WHAT THE TASK REQUIRES:
From top to bottom, retype the data exactly, passing over any picture.

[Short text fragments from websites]
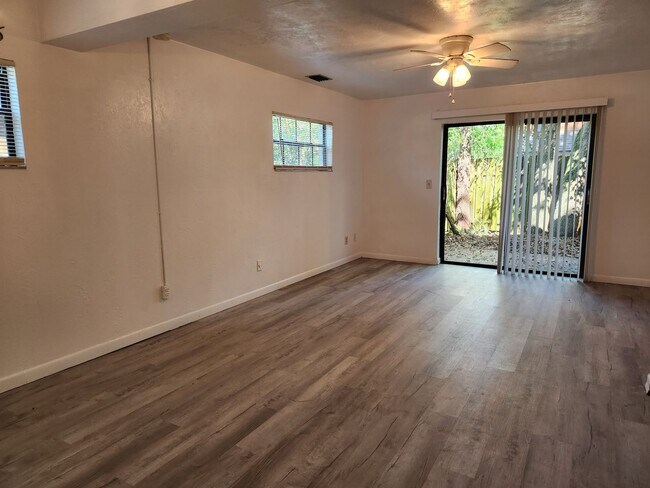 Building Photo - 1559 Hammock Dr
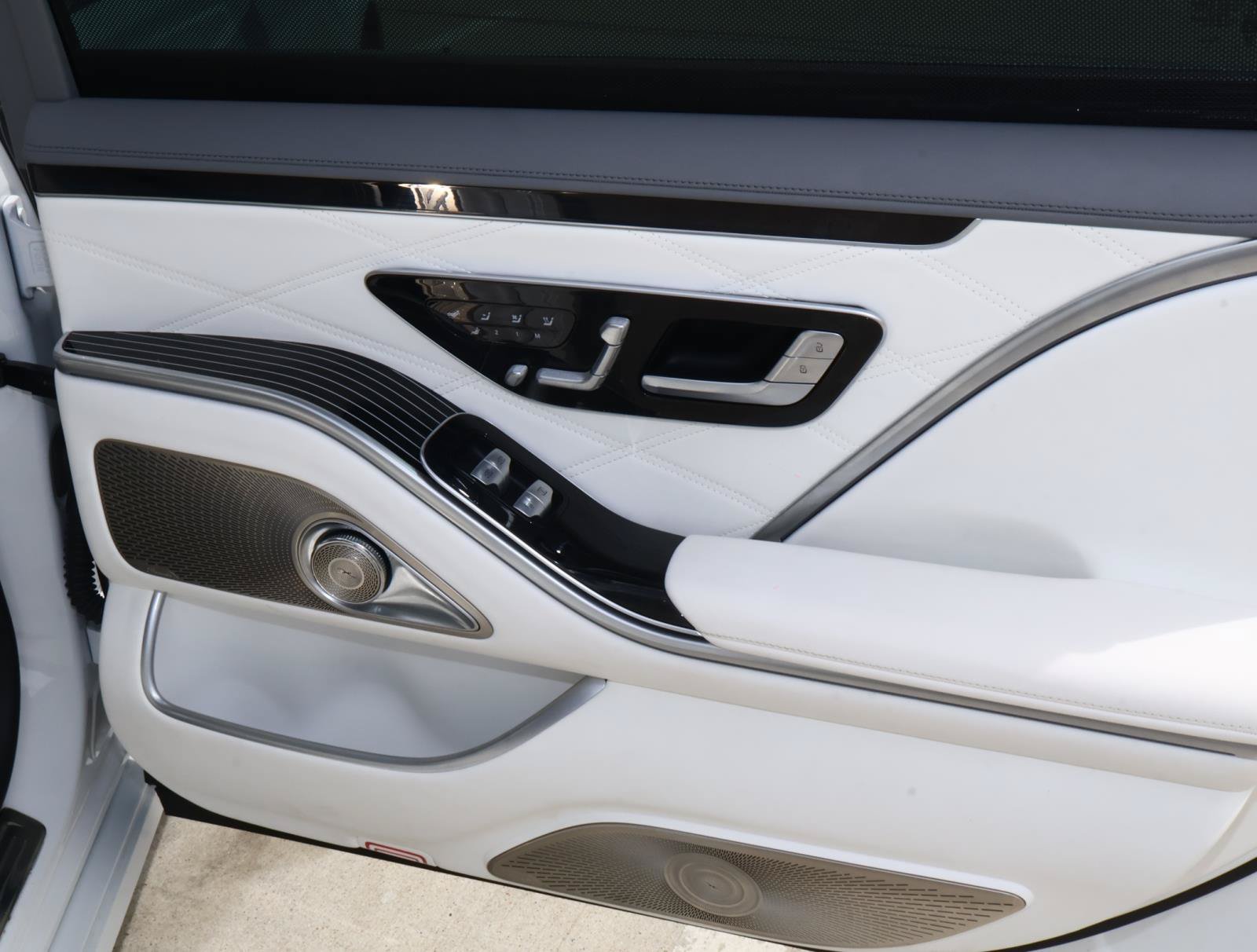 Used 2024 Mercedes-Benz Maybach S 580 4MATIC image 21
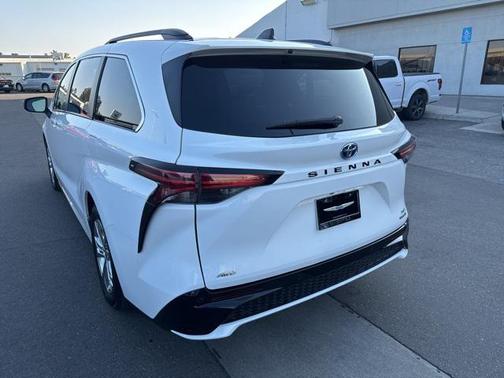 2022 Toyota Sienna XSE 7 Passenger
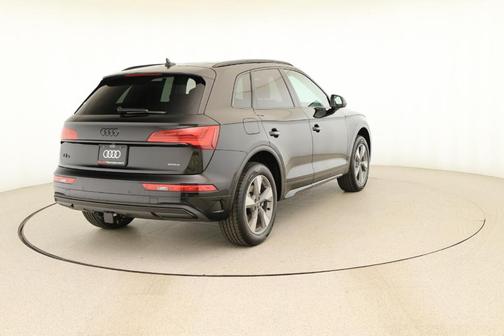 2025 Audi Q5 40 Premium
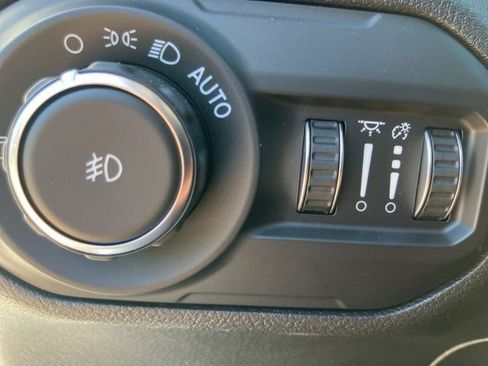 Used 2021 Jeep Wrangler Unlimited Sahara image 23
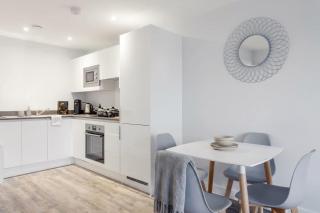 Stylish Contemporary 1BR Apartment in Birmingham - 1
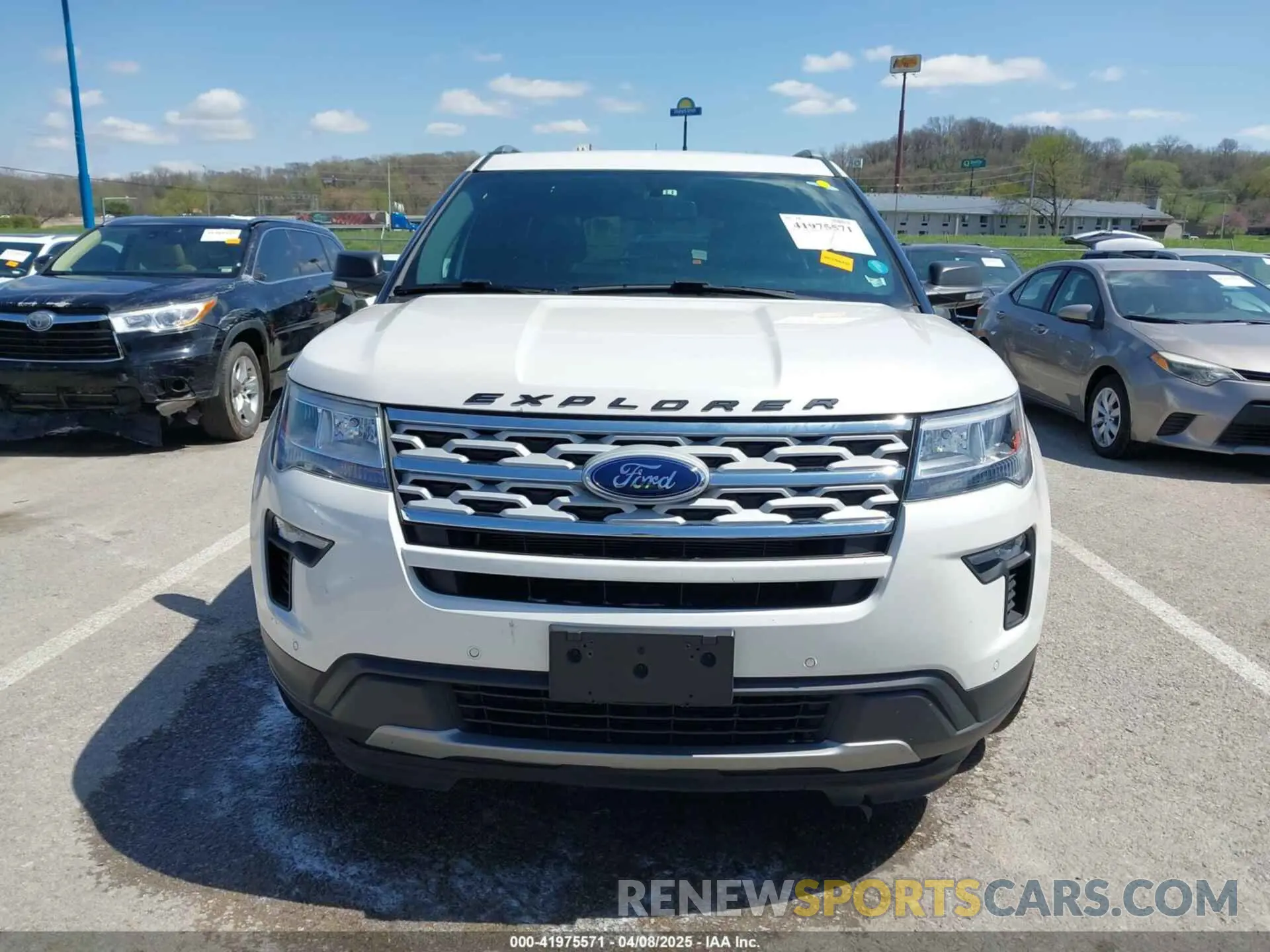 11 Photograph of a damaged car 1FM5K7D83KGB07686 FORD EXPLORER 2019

RESPONSE AREA:
 Building Photo - 1559 Hammock Dr
 Used 2024 Mercedes-Benz Maybach S 580 4MATIC image 21
 2022 Toyota Sienna XSE 7 Passenger
 2025 Audi Q5 40 Premium
 Used 2021 Jeep Wrangler Unlimited Sahara image 23
 Stylish Contemporary 1BR Apartment in Birmingham - 1
 11 Photograph of a damaged car 1FM5K7D83KGB07686 FORD EXPLORER 2019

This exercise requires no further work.